# Industry Demand Model

This is the Industry energy demand model. The input data files are for each sub-sector and from the macro model. The model uses Prophet to generate predictions for each economy and fuel. 

It predicts demands for all sub-sectors.

You can adjust the fuels you are predicting.

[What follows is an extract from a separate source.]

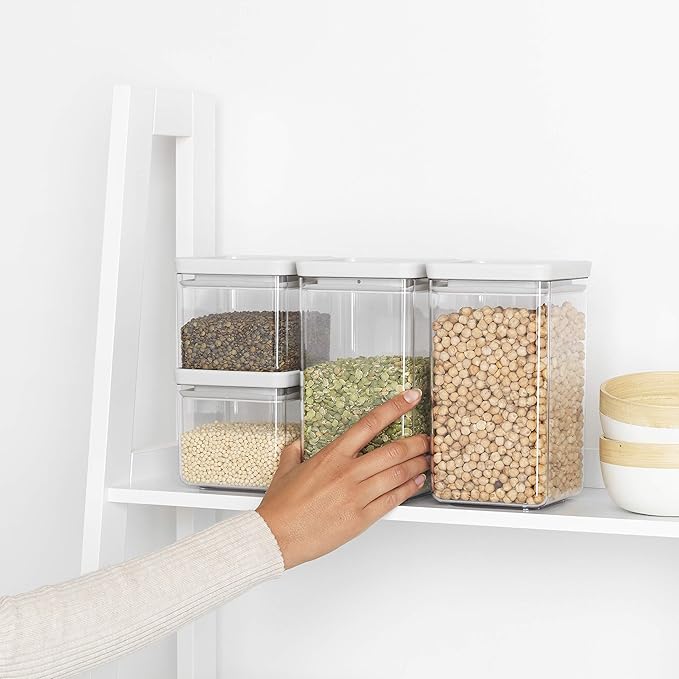 Brabantia Tasty+ 4pc Stackable Food Canisters Set (Light Gray) 2x 0.7qt & 2x 1.7qt BPA-Free Space-Saving Jars with Silicone Seal Lids for Freshness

You can also add or remove 'features', e.g., GDP, population, GDP per capita, ln(GDP per capita), etc.

In [None]:
import numpy as np
import pandas as pd
from pandas.tseries.offsets import MonthEnd
from fbprophet import Prophet

## 1. Import data and process the data

In [None]:
# read in historical production data for each sub-sector

df_steel = pd.read_csv('../data/raw/Industry/SteelHistorical.csv',index_col=['Economy','Year'])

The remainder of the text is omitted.